On the morning of 27 October 1948—appropriately, Navy Day—readers of the Honolulu Advertiser awoke to a headline announcing that twenty-four aircraft assigned to Pacific Fleet transport squadrons would be joining a monumental aerial supply effort over Germany. To those living in the idyllic climates and surroundings of Hawaii, the events occurring in Western Europe were a world away, literally and figuratively, and such was the case with the pilots and aircrewmen readying to shift their operations. Though wartime Navy transport squadrons had served worldwide, the Navy’s most visible theater of operations during World War II had been the Pacific, with the Army assuming primacy in battles on the European mainland. Now, Navy aircraft would join those of the U.S. Air Force in supporting the relief of German citizens in the former Nazi capital.


That U.S. airpower was engaged in what would become the largest humanitarian operation ever undertaken by any air force, was the result of Cold War posturing by the Soviet Union. Planning for the postwar occupation of Germany that occurred during the final months of World War II resulted in the decision to divide the nation into four zones of occupation, each controlled by one of the victorious Allied powers—the United States, France, Great Britain, and the Soviet Union. Though located in the Soviet zone of occupation, Berlin, because of its status as the capital, was also divided in a manner mirroring that of the country. In the months following the end of World War II, the emerging conflict between East and West that became known as the Cold War cast its shadow on the relationship between the victorious powers with respect to the governance, economics, and other aspects of life in occupied Germany. The war of words turned to action in March 1948, when Soviet troops began inspecting trains loaded with supplies bound for Berlin and demanded that this practice be allowed to continue, a measure refused by the other powers. Two months later, angered by plans to introduce a new currency in the French, British, and American zones, Soviet forces initiated a full-scale blockade of Berlin, halting all land and water transport to the city. The only remaining lifelines to were three 20-mile wide air corridors from the French, British, and United States zones into Berlin, which soon became routes of survival for the capital city’s beleaguered inhabitants.

On 26 June 1948, General Lucius Clay, Military Governor of the American zone of occupation, initiated “Operation Vittles,” the aerial resupply of Berlin that became known as the Berlin Airlift.
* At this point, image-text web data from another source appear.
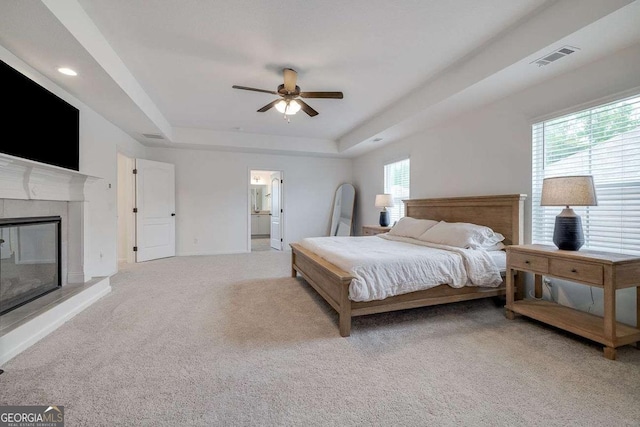 bedroom with carpet floors, a tray ceiling, a glass covered fireplace, baseboards, and ceiling fan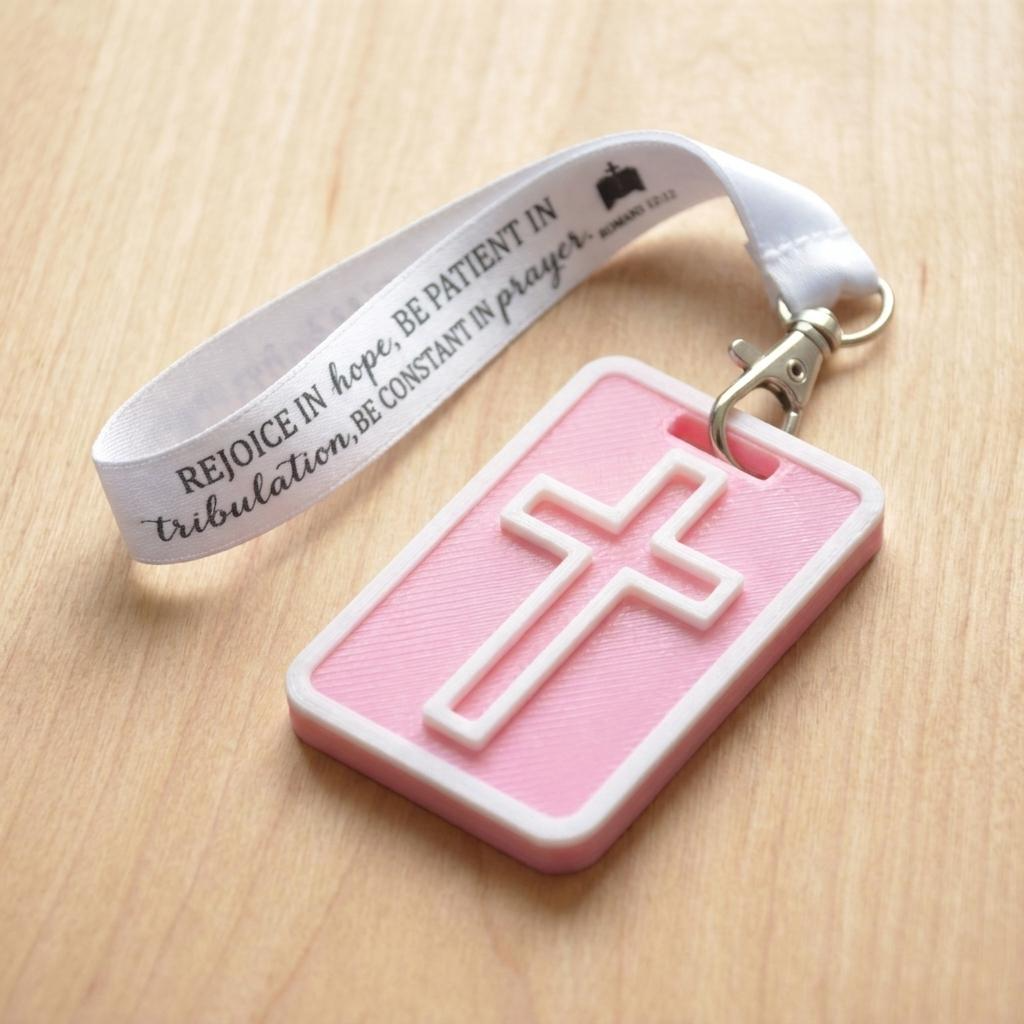 A 3D-printed Eben Tag in Pink featuring a raised cross design. This NFC-enabled spiritual touchpoint includes a white border and is attached to a fabric lanyard printed with scripture, designed to trigger the Daily Eb devotional.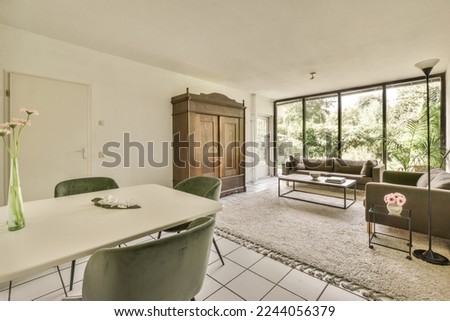 a living room with couches, chairs and a table in front of a sliding glass door that opens onto the patio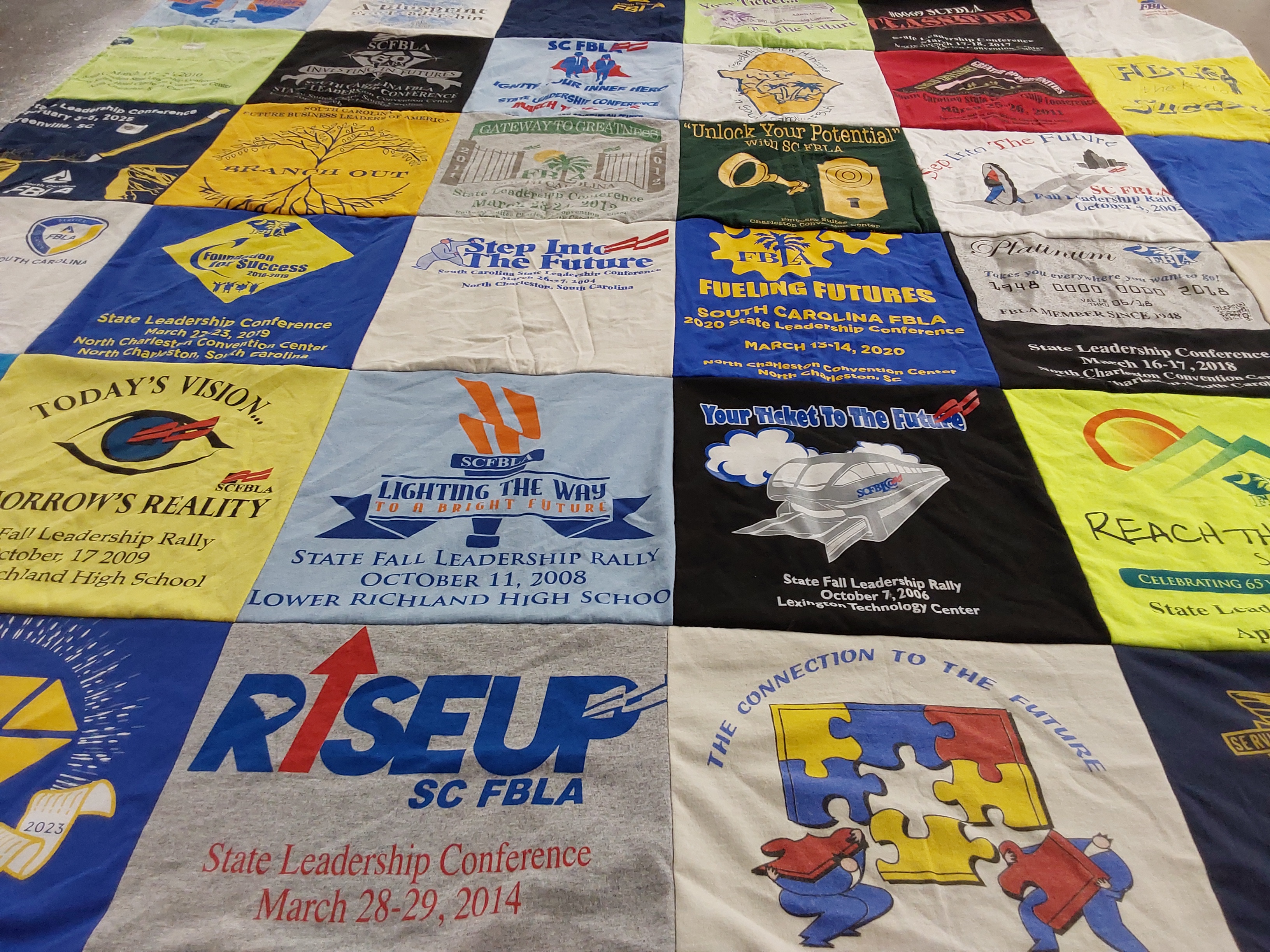 Custom Project Repat t-shirt quilt featuring shirts from lower richland high school, lexington technology center.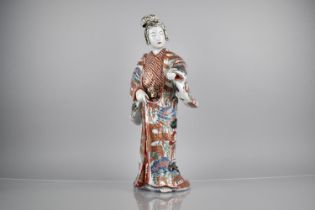 A Japanese Meiji Period Porcelain Study of a Geisha, Decorated in Imari Palette with Gilt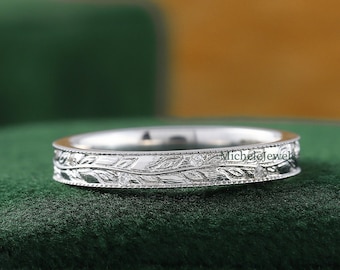 May include: A thin silver band with a delicate floral design engraved around the entire band. The band is sitting on a green velvet surface.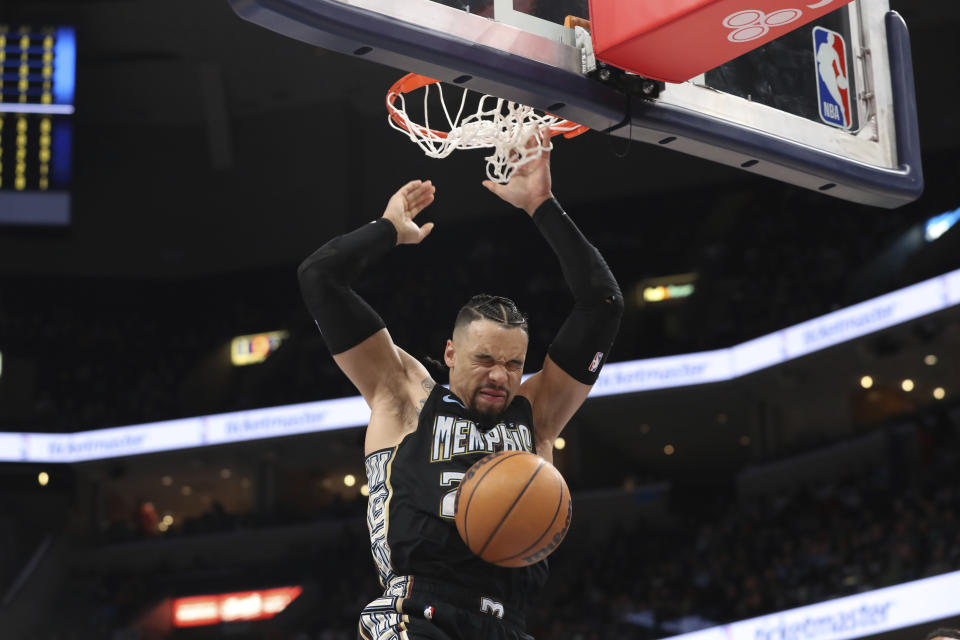 Memphis Grizzlies guard Dillon Brooks dunks against the Detroit Pistons during the first half of an NBA basketball game Friday, Dec. 9, 2022, in Memphis, Tenn. (AP Photo/Nikki Boertman)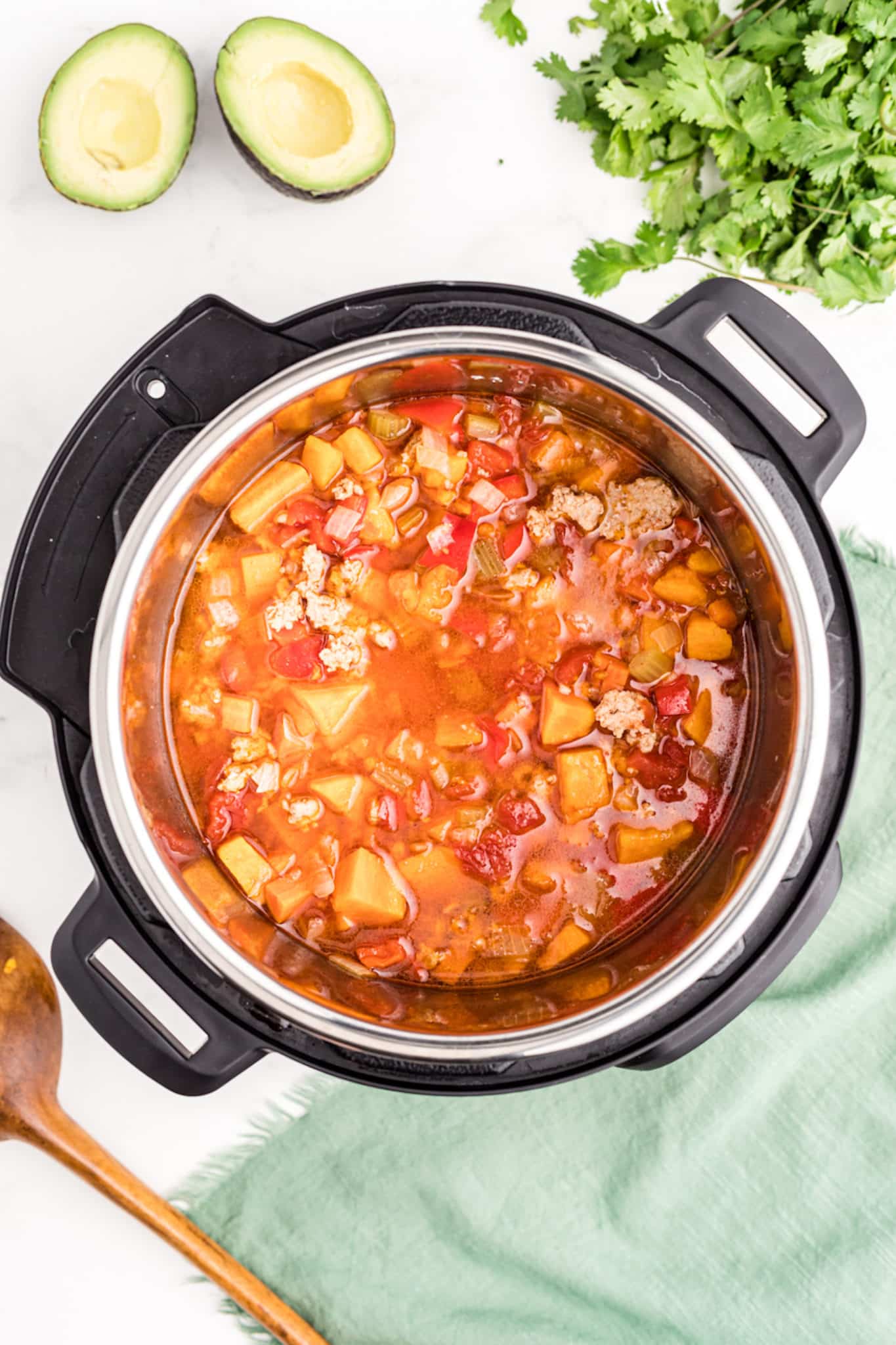 cooked turkey and vegetable stew inside instant pot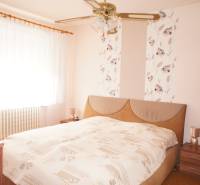 Rodinný dom v obci Čilížska Radváň s veľkým pozemkom - Spálňu v rodinnom dome zdobí posteľ, nočné stolíky a záclony na okne.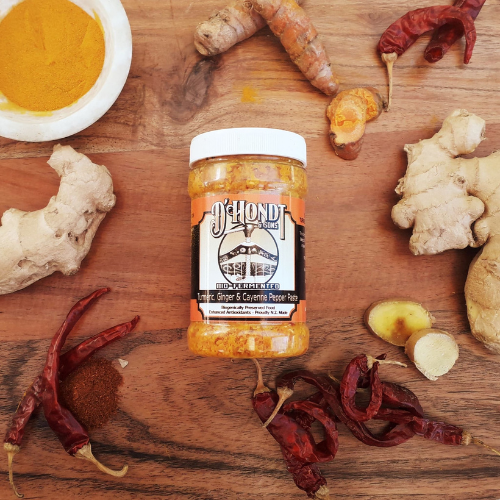 Bio-fermented turmeric, ginger, and cayenne chili pepper paste in a jar, highlighting vibrant orange and red hues with organic ingredients and bio-fermented turmeric and ginger sea salt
With the city’s residents requiring a minimum of 4,500 tons of supplies per day, the 102 transports Clay initially had under his command required assistance in performing the massive endeavor. Joining the build-up, Navy Transport Squadrons (VR) 6 and 8 flew from their respective bases in Guam and Hawaii bound for Germany, receiving only two days notice before shifting their operations halfway around the world.


For the ensuing eight months, the naval personnel proved an important part of the stream of Allied transports logging flights to Berlin, which one VR-6 pilot nicknamed “Ten Tons to Templehof” in reference to the airport at which the planes landed to unload their supplies. Oftentimes in the bad weather of a European winter, in which ground controlled approaches were the norm amidst rain, fog, and snow, the Navy crews compiled an enviable record. Each aircraft averaged 10.1 daily flight hours, compiling 45,990 total flight hours and delivering 129,989 tons of food and other supplies, 7.3% of the total tonnage airlifted to the city. The best month came in March 1949, when U.S. aircraft carried 154,475 tons. The participating Navy and Air Force squadrons established an efficiency rating system that outlined what was considered 100% efficiency in such elements as flight hours and tonnage delivered. During the month of March, VR-8 set a record for the entire airlift by achieving 155% efficiency in the 12.2 flight hours per aircraft that it flew over the course of the month. When the last squadron plane returned to the United States, it sported an apt pronouncement on its nose that reflected the importance of Navy participation in the airlift— BERLIN AIRLIFT CHAMPS.

Above, a line of aircraft unload supplies at Templehof Airport, sailors celebrate the end of the Berlin Airlift, and VR-8 personnel celebrate the squadron’s performance record upon returning from Germany.